Mounted at /content/gdrive


In [None]:
def seed_everything(seed):
    random.seed(seed)
    os.environ['PYTHONHASHSEED'] = str(seed)
    np.random.seed(seed)
    torch.manual_seed(seed)
    torch.cuda.manual_seed(seed)
    torch.backends.cudnn.deterministic = True
    torch.backends.cudnn.benchmark = False

seed_everything(41) # Seed 고정

Data Load

학습에 필요한 데이터를 불러오고, 전처리를 진행합니다.

In [None]:
# 데이터 로딩 클래스 정의
class CustomDataset(Dataset):
    def __init__(self, csv_file, transform=None):
        """
        Args:
            csv_file (string): csv 파일의 경로.
            transform (callable, optional): 샘플에 적용될 Optional transform.
        """
        self.df = pd.read_csv(csv_file)
        self.transform = transform

    def __len__(self):
        return len(self.df)

    def __getitem__(self, idx):
        img_path = self.df['img_path'].iloc[idx]
        image = Image.open("/content/gdrive/My Drive/Colab_Data/semiconductor_anomaly" + img_path[1:])
        if self.transform:
            image = self.transform(image)
        target = torch.tensor([0.]).float()
        return image,target

# 이미지 전처리 및 임베딩
transform = transforms.Compose([
    # 224,224
    transforms.CenterCrop((224, 224)),
    transforms.ToTensor(),
    transforms.RandomHorizontalFlip(p=0.5),
    transforms.Normalize(mean=[0.485, 0.456, 0.406], std=[0.229, 0.224, 0.225]),
])

train_data = CustomDataset(csv_file='/content/gdrive/My Drive/Colab_Data/semiconductor_anomaly/train.csv', transform=transform)
train_loader = DataLoader(train_data, batch_size=16, shuffle=False)

In [None]:
model = models.resnet18(pretrained=True)
model.fc = nn.Linear(512, 1, bias=True)
model = model.to(device)

criterion = nn.BCEWithLogitsLoss()
optimizer = optim.AdamW(model.parameters(), lr=0.0001)
scheduler = CosineAnnealingLR(optimizer, T_max=100, eta_min=0.00001)



In [None]:
def train(model, train_loader, criterion, optimizer, scheduler, device, num_epochs):
    for epoch in range(num_epochs):
        model.train()
        running_loss = 0.0
        running_corrects = 0
        total = 0

        for images, labels in train_loader:
            images = images.to(device)
            labels = labels.to(device)

            outputs = model(images)
            loss = criterion(outputs, labels.view(-1, 1))

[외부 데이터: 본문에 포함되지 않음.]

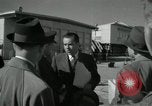 Standbild CIA-Direktor Dulles und Vice President Nixon Arlington Virginia USA, 1955, aus Sekunde 32 historischem Filmmaterial Videoclip 65675028255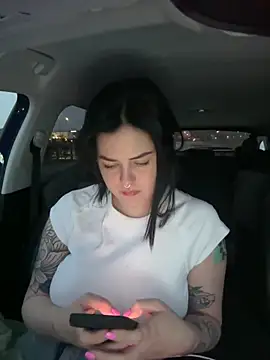 Snapshot of NaomiSquirts chatting on 02/08/25, 05:08 NaomiSquirts online show from 02/08/25, 05:08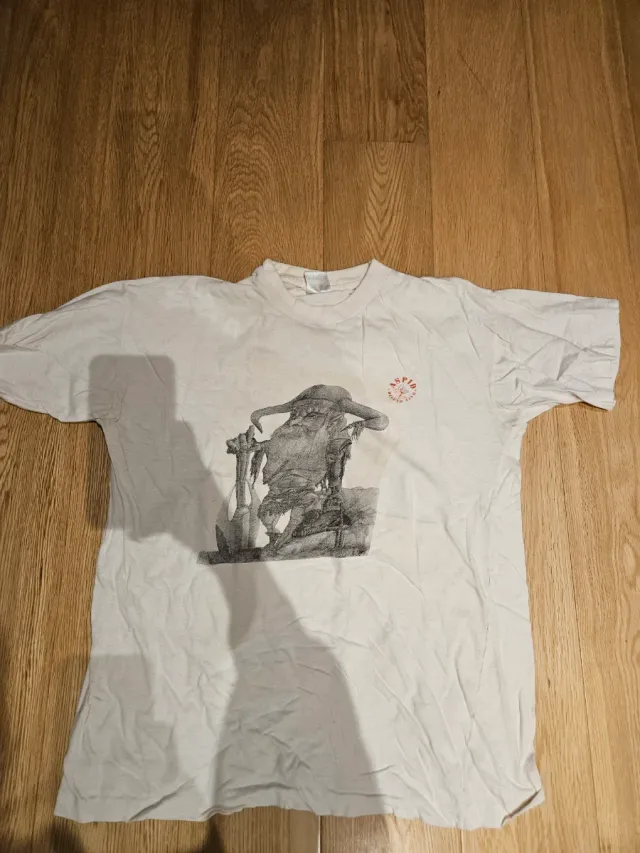 Camiseta gráfica vintage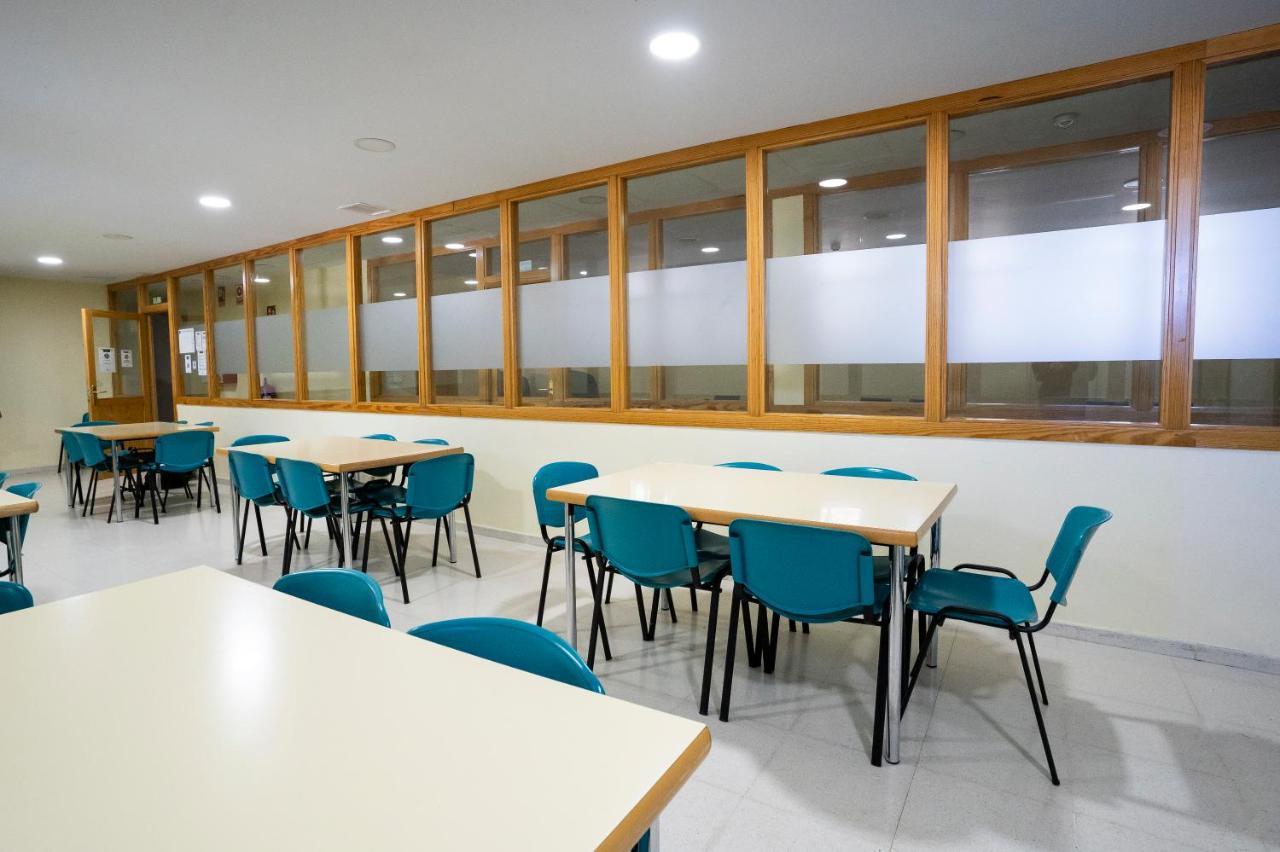 Albergue Inturjoven เซียร์ราเนบาดา ภายนอก รูปภาพ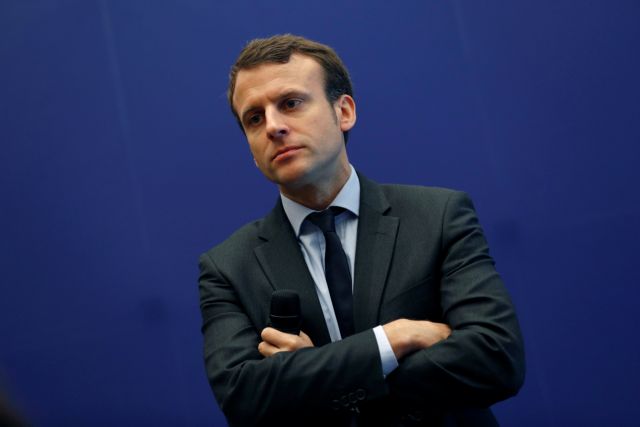 Γαλλία: Εννέα κεντροδεξιοί γερουσιαστές προσέφεραν την υποστήριξή τους στον Μακρόν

            optimizer.zero_grad()
            loss.backward()
            optimizer.step()

            running_loss += loss.item()
            predictions = (torch.sigmoid(outputs) > 0.5).float()
            running_corrects += torch.sum(predictions == labels.view(-1, 1)).item()
            total += labels.size(0)

        scheduler.step()

        epoch_loss = running_loss / len(train_loader)
        epoch_acc = running_corrects / total

        print(f'Epoch {epoch+1}/{num_epochs}, Loss: {epoch_loss:.4f}, Accuracy: {epoch_acc:.4f}')

In [None]:
train(model, train_loader, criterion, optimizer, scheduler, device, num_epochs=20)

Epoch 1/20, Loss: 0.3157, Accuracy: 0.9906
Epoch 2/20, Loss: 0.1089, Accuracy: 1.0000
Epoch 3/20, Loss: 0.0402, Accuracy: 1.0000
Epoch 4/20, Loss: 0.0220, Accuracy: 1.0000
Epoch 5/20, Loss: 0.0153, Accuracy: 1.0000
Epoch 6/20, Loss: 0.0118, Accuracy: 1.0000
Epoch 7/20, Loss: 0.0096, Accuracy: 1.0000
Epoch 8/20, Loss: 0.0081, Accuracy: 1.0000
Epoch 9/20, Loss: 0.0070, Accuracy: 1.0000
Epoch 10/20, Loss: 0.0061, Accuracy: 1.0000
Epoch 11/20, Loss: 0.0054, Accuracy: 1.0000
Epoch 12/20, Loss: 0.0049, Accuracy: 1.0000
Epoch 13/20, Loss: 0.0044, Accuracy: 1.0000
Epoch 14/20, Loss: 0.0040, Accuracy: 1.0000
Epoch 15/20, Loss: 0.0036, Accuracy: 1.0000
Epoch 16/20, Loss: 0.0034, Accuracy: 1.0000
Epoch 17/20, Loss: 0.0031, Accuracy: 1.0000
Epoch 18/20, Loss: 0.0029, Accuracy: 1.0000
Epoch 19/20, Loss: 0.0027, Accuracy: 1.0000
Epoch 20/20, Loss: 0.0025, Accuracy: 1.0000


In [None]:
# 사전 학습된 모델 로드
model.eval()  # 추론 모드로 설정

# 특성 추출을 위한 모델의 마지막 레이어 수정
model = torch.nn.Sequential(*(list(model.children())[:-1]))

model.to(device)

# 이미지를 임베딩 벡터로 변환
def get_embeddings(dataloader, model):
    embeddings = []
    with torch.no_grad():
        for images, _ in tqdm(dataloader):
            images = images.to(device)
            emb = model(images)
            embeddings.append(emb.cpu().numpy().squeeze())
    return np.concatenate(embeddings, axis=0)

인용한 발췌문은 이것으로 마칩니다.